**What is being asked:** Pictures do not belong in the copy; quote every entry below exactly.

**Records from a collection:**
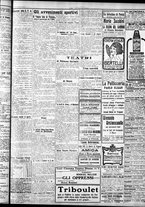 giornale/CFI0375759/1924/Ottobre/118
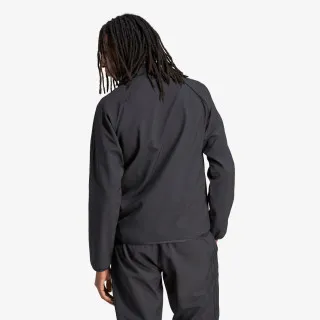 adidas SST TT 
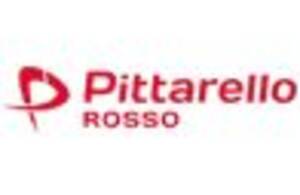 Pittarello Rosso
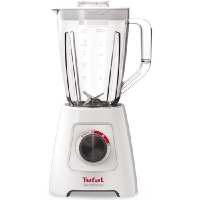 Tefal BL420140/870 BLENDER BLENDFORCE 7211003139 onderdelen en accessoires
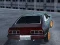 Permainan Burnout City secara online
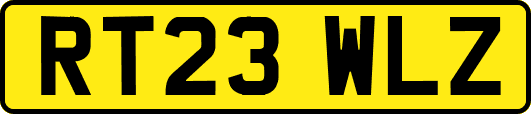 RT23WLZ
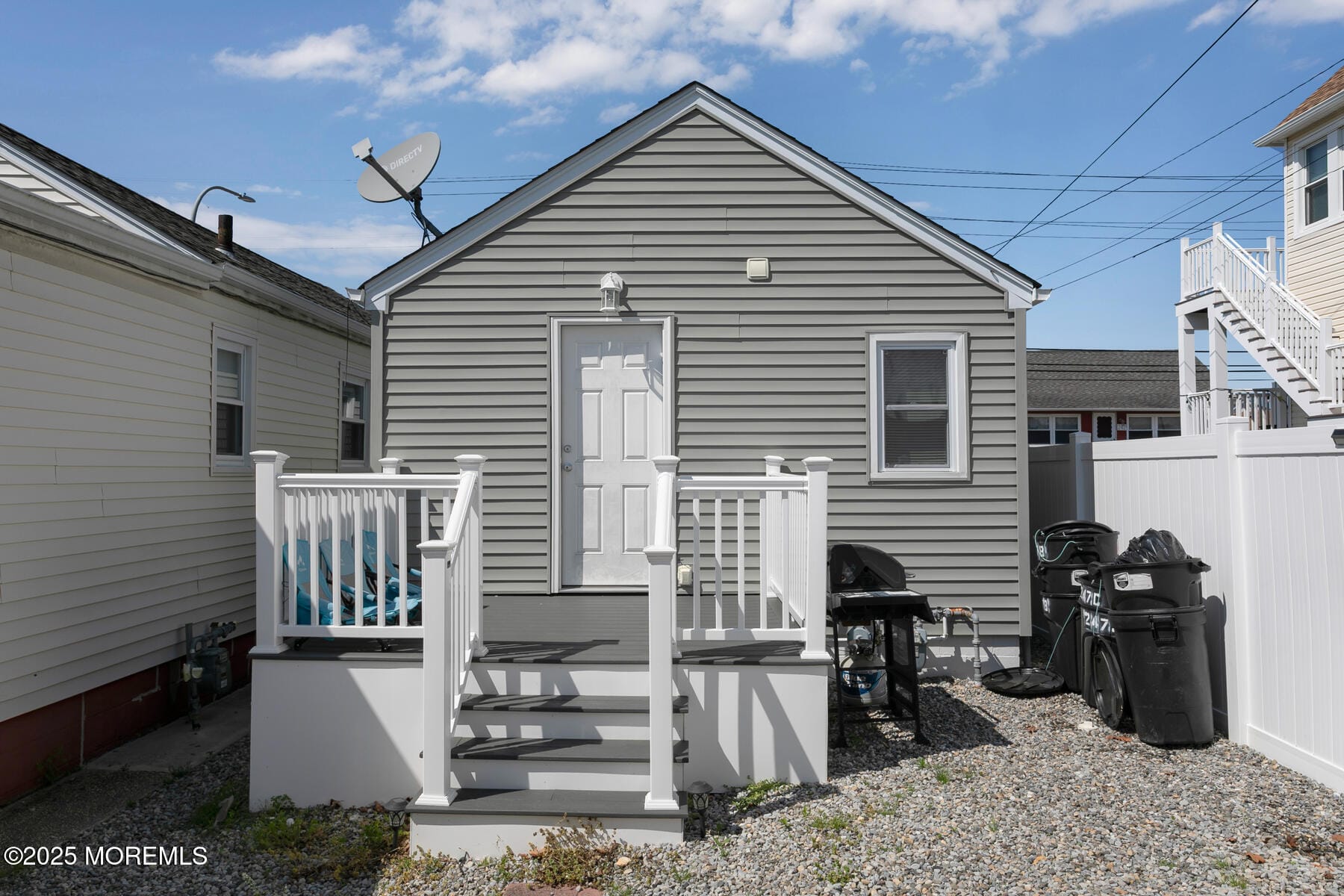 247 Sherman Avenue, Seaside Heights, NJ, 08751 image 20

**Response to the task:**
 giornale/CFI0375759/1924/Ottobre/118
 adidas SST TT 
 Pittarello Rosso
 Tefal BL420140/870 BLENDER BLENDFORCE 7211003139 onderdelen en accessoires
 Permainan Burnout City secara online
 RT23WLZ
 247 Sherman Avenue, Seaside Heights, NJ, 08751 image 20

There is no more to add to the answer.